Segment Start: Provided information
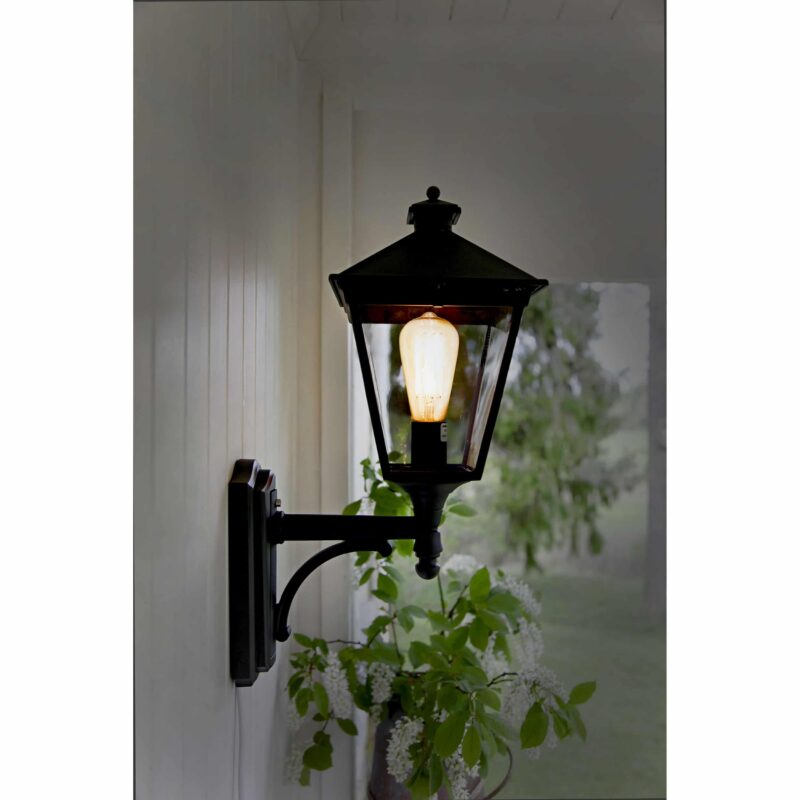 Die LED Kolben 3,6 W 2100 K Ø 6,4 cm Außenwandlaterne im Vintage-Stil ist mit einer leuchtenden Glühbirne auf einer weißen Verkleidung montiert, umgeben von einer weiß blühenden Pflanze darunter und einer verschwommenen grünen Landschaft im Hintergrund.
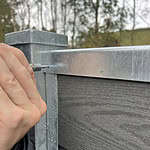 Ved hjælp af U-skinne top/bund - varmgalvaniseret fastgør en person et top/bund skinne på et komposit hegn med præcision og integrerer det problemfrit. Træer og en bygning er sløret i baggrunden.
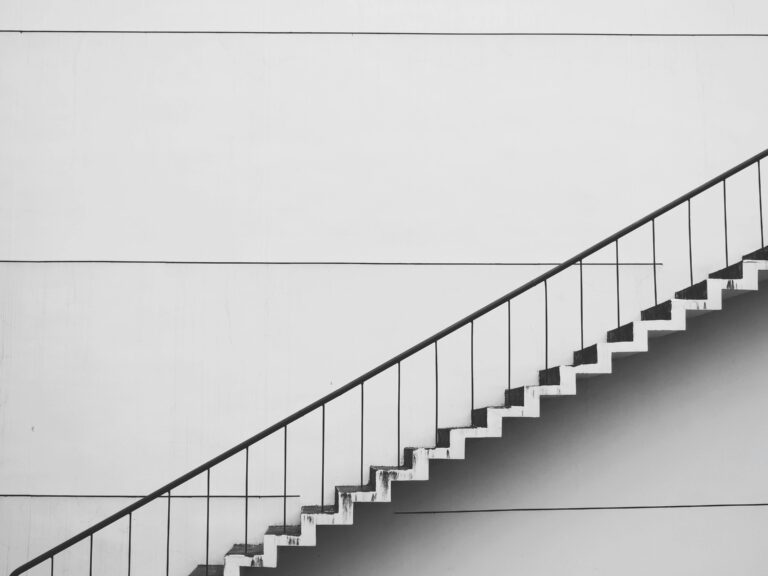 Minimalistic black and white staircase with sharp angles and clean lines, showcasing modern architecture.
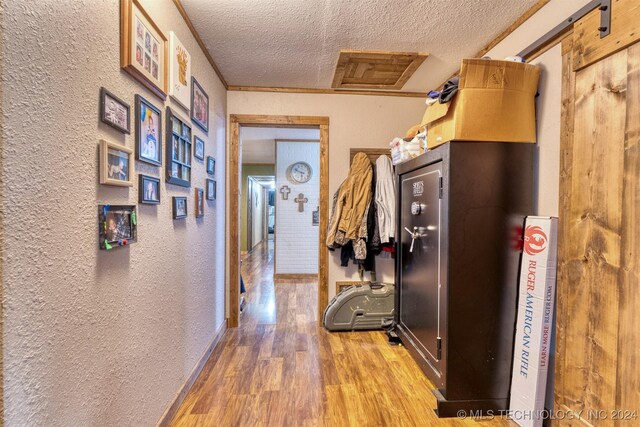 8248 E 122nd Rd, Wetumka, OK 74883 - hallway with a textured ceiling, a textured wall, wood finished floors, and baseboards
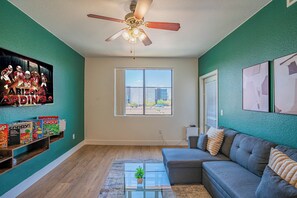 Premier Apartment, 1 Bedroom, Non Smoking, Pool View | Living area | 55-inch Smart TV with digital channels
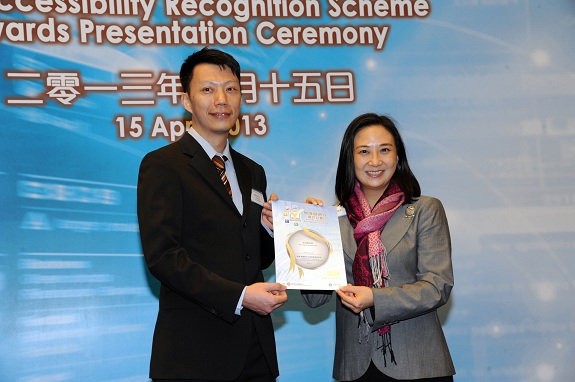 Legislative Council member, Dr Hon Elizabeth Quat, JP (right), presents a Silver Award certificate to the Design and Development Manager of The Hong Kong Jockey Club, Mr Biondi Tang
Segment End: Provided information
• [Exercise prompt]
Pictures stay out. Return exactly the lines from the one with "Ved hjælp af" through the last line of the data.

• [Reply]
 Ved hjælp af U-skinne top/bund - varmgalvaniseret fastgør en person et top/bund skinne på et komposit hegn med præcision og integrerer det problemfrit. Træer og en bygning er sløret i baggrunden.
 Minimalistic black and white staircase with sharp angles and clean lines, showcasing modern architecture.
 8248 E 122nd Rd, Wetumka, OK 74883 - hallway with a textured ceiling, a textured wall, wood finished floors, and baseboards
 Premier Apartment, 1 Bedroom, Non Smoking, Pool View | Living area | 55-inch Smart TV with digital channels
 Legislative Council member, Dr Hon Elizabeth Quat, JP (right), presents a Silver Award certificate to the Design and Development Manager of The Hong Kong Jockey Club, Mr Biondi Tang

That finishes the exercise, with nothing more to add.